● What is being asked:
Copy the records exactly, leaving out every picture.

[Crawled caption data]
* * * * *

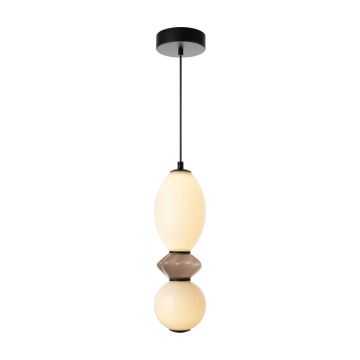 Italux Balos PND-94921-2B-BK Závesná lampa 1x12W/LED 3000K 1500lm IP20
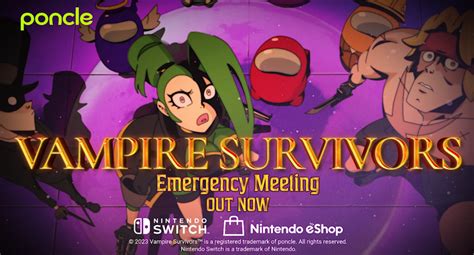 Vampire Survivors ‘emergency Meeting Dlc And ‘adventures Update Now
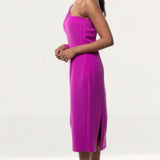 Panambi Pink One Shoulder Midi Dress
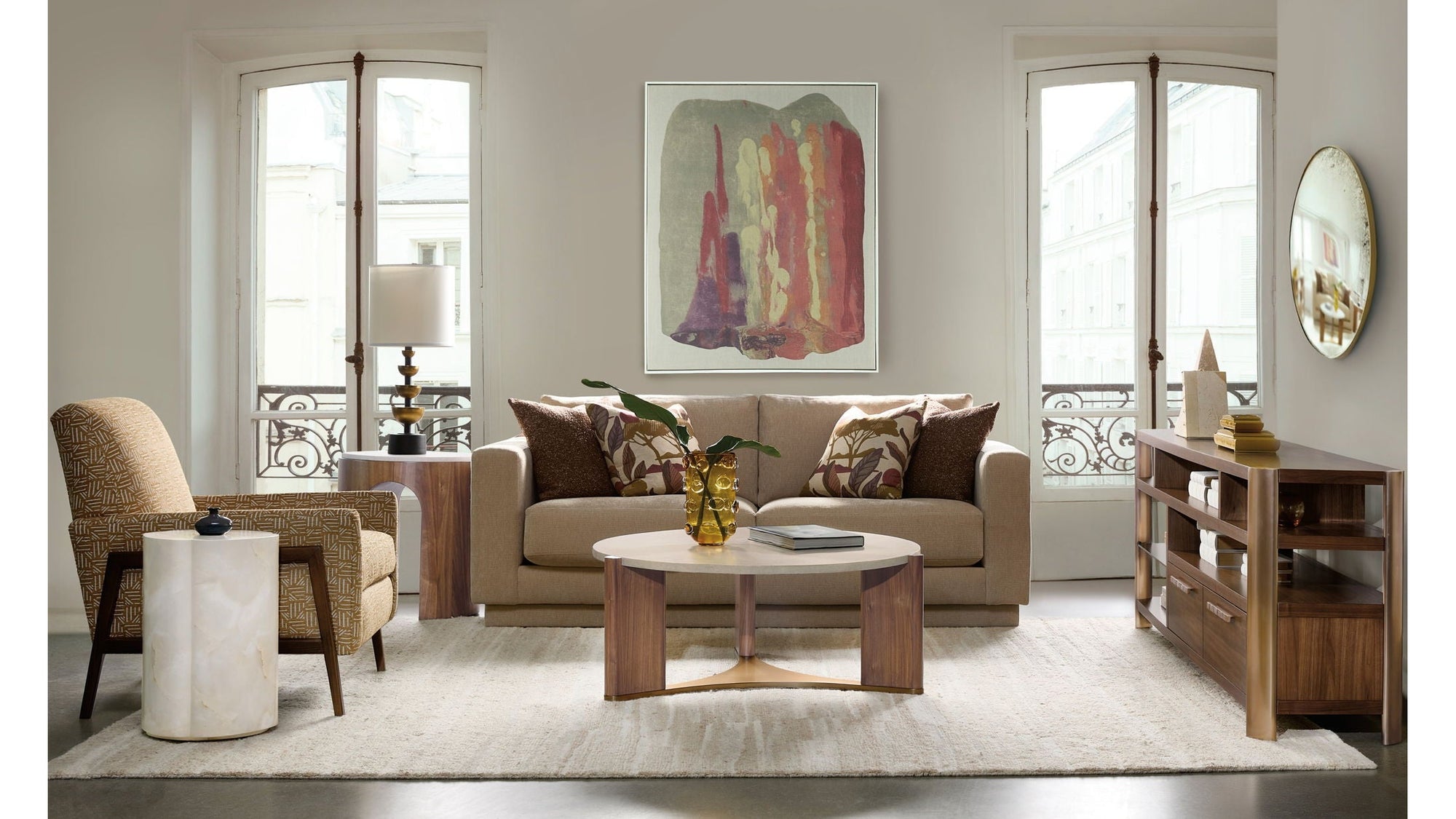 Eleana - Entertainment Console - Medium Wood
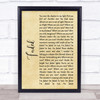 Alan Walker Faded Rustic Script Song Lyric Quote Print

* * * * *

● Exercise solution:
 Italux Balos PND-94921-2B-BK Závesná lampa 1x12W/LED 3000K 1500lm IP20
 Vampire Survivors ‘emergency Meeting Dlc And ‘adventures Update Now
 Panambi Pink One Shoulder Midi Dress
 Eleana - Entertainment Console - Medium Wood
 Alan Walker Faded Rustic Script Song Lyric Quote Print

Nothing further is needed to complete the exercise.